Plaza is founder and executive director of Encuentro, a non-profit that provides services to immigrants. It started with English tutoring but has since expanded into job-related services – everything from financial literacy to small-business development training.
“If you asked anybody who walked through the door what their biggest need was, it was work,” she said. “People really needed jobs.”
Although many of the participants have an entrepreneurial streak, “They don’t see what they’re doing as a business. It’s just survival. So this (program) has really been helpful in getting people to think about their work on a bigger scale,” she said.
Plaza says it was her family’s good fortune as immigrants that propelled her to help those not so fortunate.
An aunt paid for her father to come to the U.S. and get an education. An employer sponsored the rest of the family’s arrival, including seven kids. The siblings who were born in Colombia “all had green cards the moment they set foot in this country.”
“There’s something about that experience that has made me look at the other side of things,” Plaza said. “It’s in our faces that that is not the typical immigrant experience, and so … I want to be part of a movement that is really trying to address that. We (Encuentro) do it through adult education and career development.”
One of the most rewarding parts, Plaza said, is seeing Encuentro participants bloom and become leaders in various other local organizations.
“They are visible, actively engaged people,” she said. “There’s a lot who would otherwise say, ‘Stay home. Be invisible. Don’t have a voice; you don’t have rights here.’
“So it’s just really exciting to push against the system that way and to do it as part of a bigger group,” Plaza said.
What was it like growing up Latina in the South?

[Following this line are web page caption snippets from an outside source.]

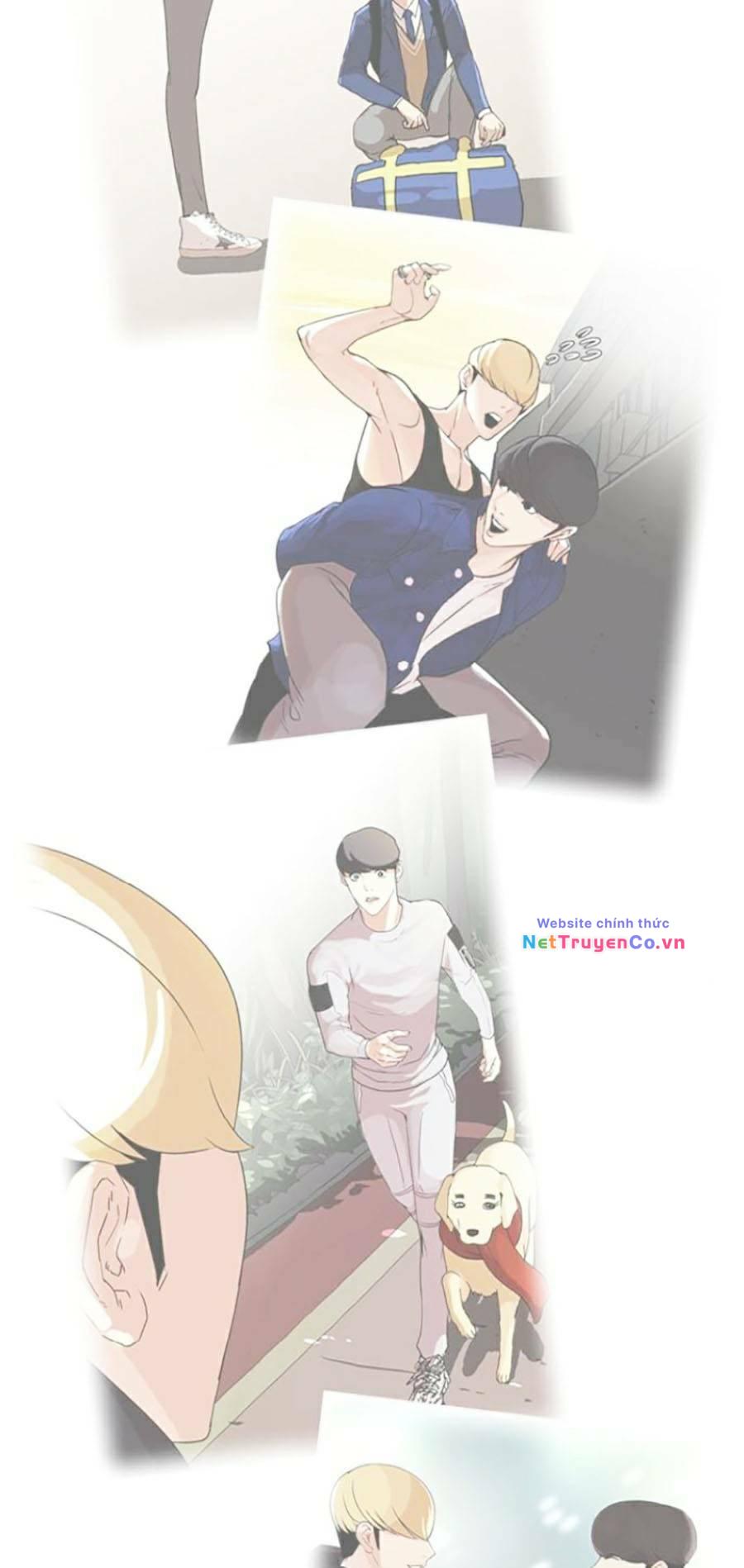 Chapter 437 - Trang 141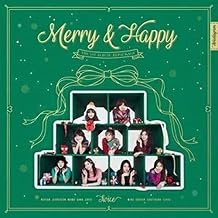Merry & Happy Vol 2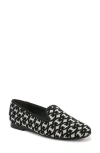 Circus Ny By Sam Edelman Tiffany Loafer In Black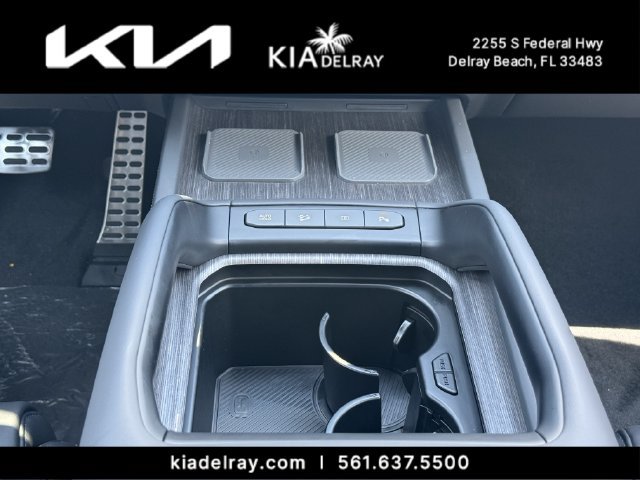 New 2027 Kia Telluride X-Line SX Prestige w/ Towing Package AWD/4WD image 29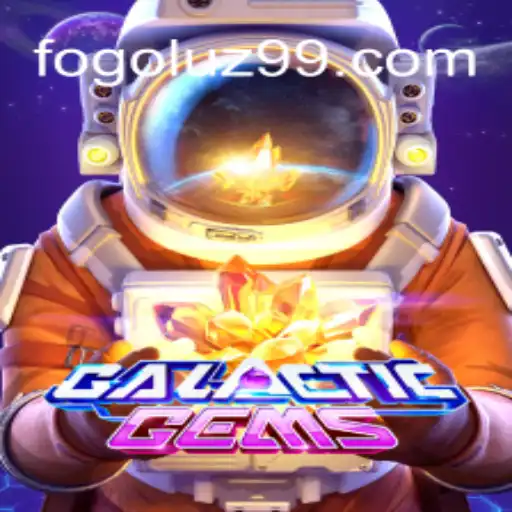 GalacticGems: Um Mergulho Intergaláctico no Universo dos Jogos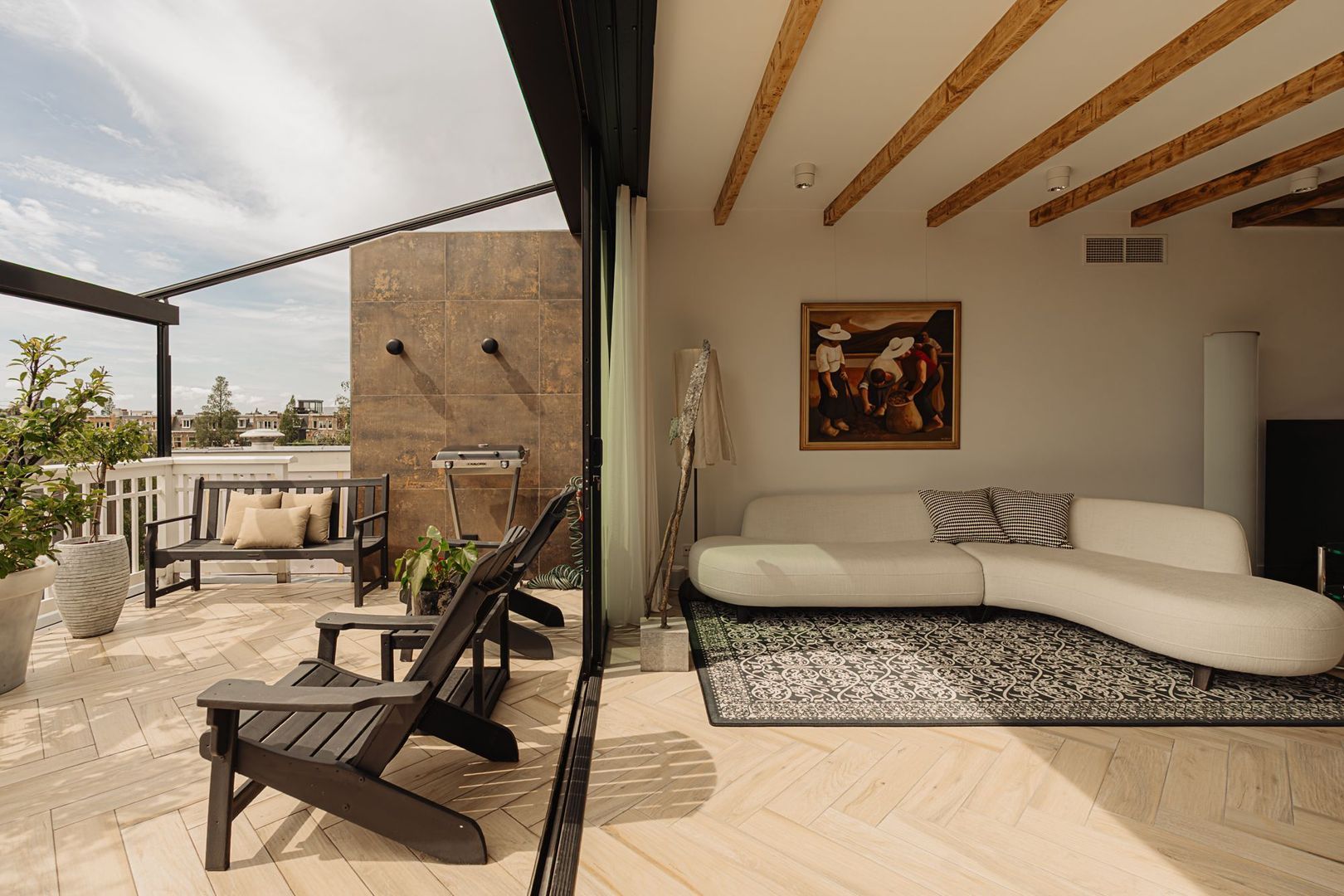 Jacob Obrechtstraat 72 2, Amsterdam foto-32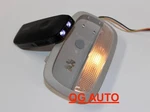 Dodge Caliber, Jeep Compass Patriot Flashlight Interior Lamp Dome / Oem Bk. Fixed Price $95.00.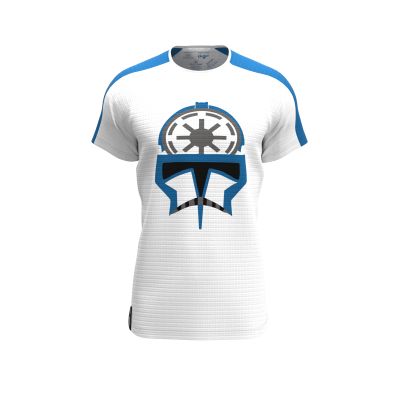 Lieutenant Jesse Clone Trooper T-Shirt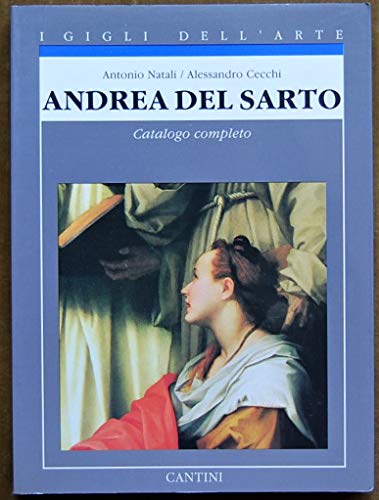 9788877370686: Andrea del Sarto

“You know, growing up in the ’70s in the Carolinas, we were definitely odd ducks. There were no Latinos. We definitely grew up speaking Spanish at home, eating Colombian food. But I also in my teen years … went through that period when I didn’t want to be different. I didn’t want to be Latina. I studied French for six years, and it was crazy. At one of my high school reunions, I ran into this other kid who approached and said, ‘You know, I don’t know if you know I’m Cuban.’ We never talked to each other. We never identified ourselves. In a small high school, it was not something celebrated. It was something, you know, as a teenager, a possible source of shame.”
When did that change?
“ When I went to college, I traveled and lived in Spain for a while. When I came back, I kind of just owned who I was and just dove in 100 percent to the point where I decided after I graduated from college that I wanted to go to graduate school, I wanted to study Latin American studies. When I looked at where to go, New Mexico – I thought, ‘Maybe I’ll be able to just finally live in more of a Latino environment and just be in touch with that.’ ”
What do you do in your free time?
“I run, and I garden. I’m not an expert at either, but I enjoy them. I love to go to the movies. I like to read a lot.”
Favorite books?
“I just read an amazing book called ‘Washington Black.’ I think because of what’s forever been going on in our country around race-related issues, I’ve really taken an interest in understanding more deeply black history in this country and around the world.”
Do you have any regrets?
“I think, you know, I’ve been here 26 years, and it’s far from North Carolina, and my parents are there. So my daughters didn’t get to grow up with my parents. That’s why it’s so amazing to me that they have preserved so much of their Colombian pride. It’s wonderful.”
Do you have any hidden talents?
“I love to sing. In the car, in the shower. Around people who really know me, I’ll sing. I don’t know if it sounds pretty, but I feel like I can hear a pitch and match it. With language, too. I’ve recently befriended a group of Turkish women here in town … and when they teach me words, I feel like I can pronounce them well. It’s like I have an ear for replicating sound. And I really enjoy singing just for the heck of it. Just because it feels good.”
Any quirks or superstitions?
“Yeah. My daughters always laugh at me. They say I’m so tragic-minded. Like I’m going to Colombia and I’m thinking, ‘My plane’s probably going to fall.’ It’s just, ‘When’s the other shoe going to drop? Because this is too good.’ And I was brought up Catholic, so there’s all kinds of … You do ‘X’ and this is the consequence, right? I knock on wood.”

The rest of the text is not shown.